▸ THE DATA
____________

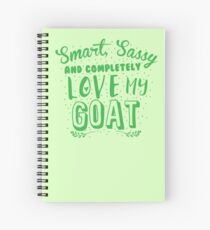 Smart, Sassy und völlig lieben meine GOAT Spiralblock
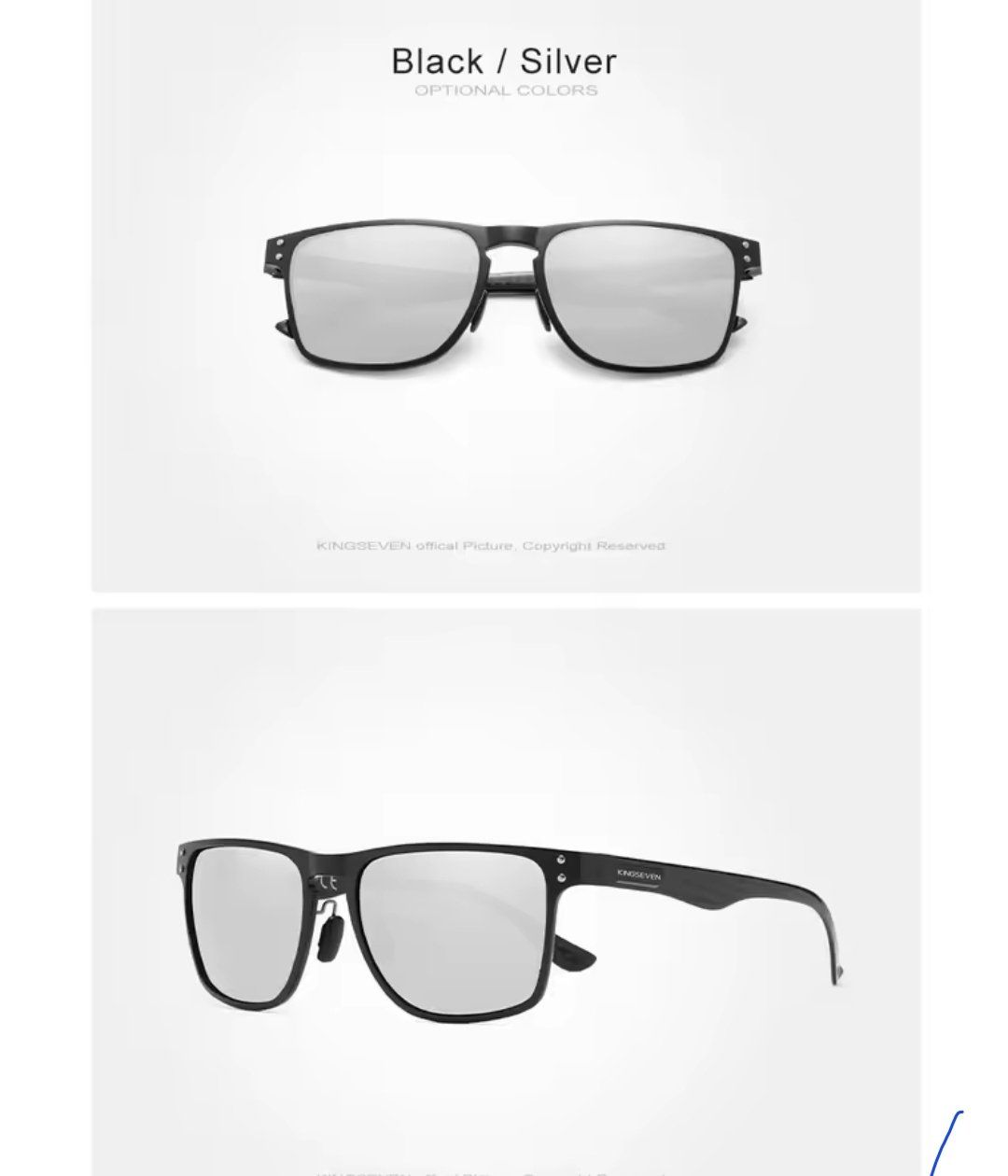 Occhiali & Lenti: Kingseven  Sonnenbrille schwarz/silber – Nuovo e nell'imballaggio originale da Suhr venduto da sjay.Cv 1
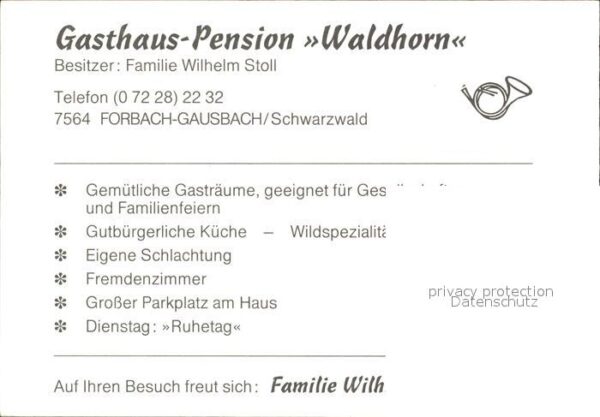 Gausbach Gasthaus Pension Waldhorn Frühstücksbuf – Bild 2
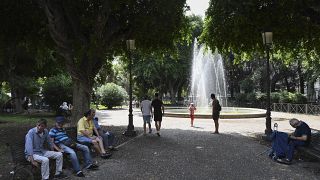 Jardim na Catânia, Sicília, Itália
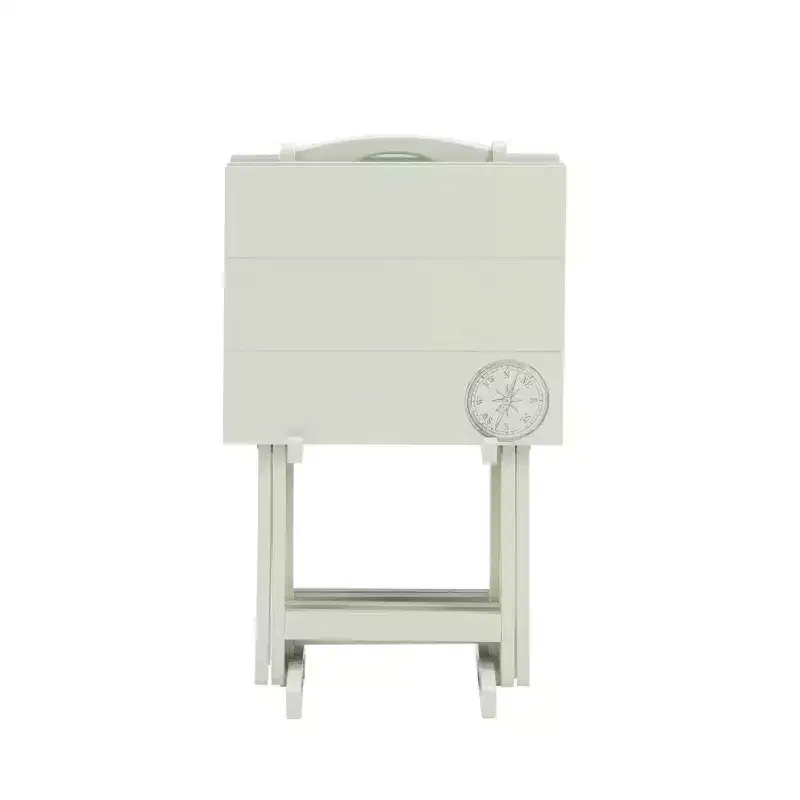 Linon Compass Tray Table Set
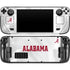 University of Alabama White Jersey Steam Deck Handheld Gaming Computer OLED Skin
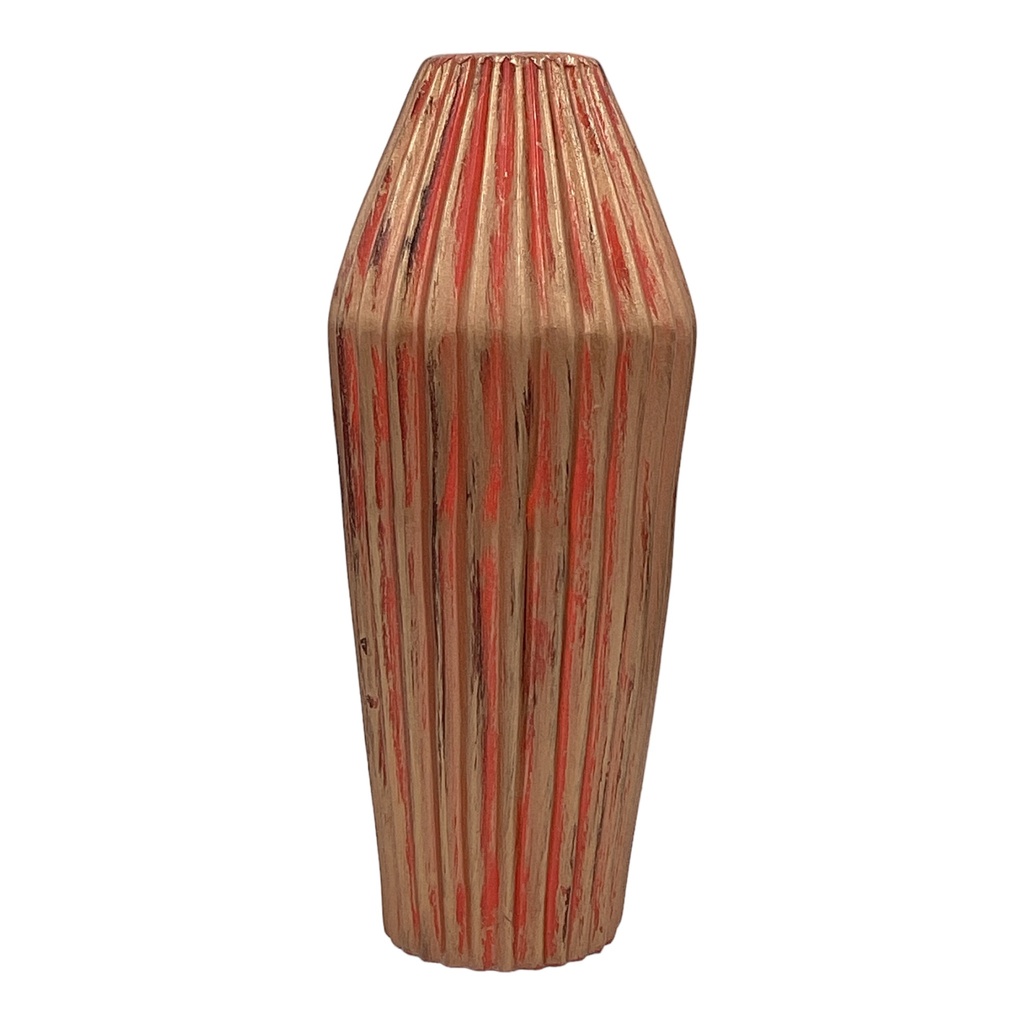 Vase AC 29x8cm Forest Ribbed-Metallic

____________

All of the material shown above needs to be duplicated exactly. Omit every picture.

 Smart, Sassy und völlig lieben meine GOAT Spiralblock
 Occhiali & Lenti: Kingseven  Sonnenbrille schwarz/silber – Nuovo e nell'imballaggio originale da Suhr venduto da sjay.Cv 1
 Gausbach Gasthaus Pension Waldhorn Frühstücksbuf – Bild 2
 Jardim na Catânia, Sicília, Itália
 Linon Compass Tray Table Set
 University of Alabama White Jersey Steam Deck Handheld Gaming Computer OLED Skin
 Vase AC 29x8cm Forest Ribbed-Metallic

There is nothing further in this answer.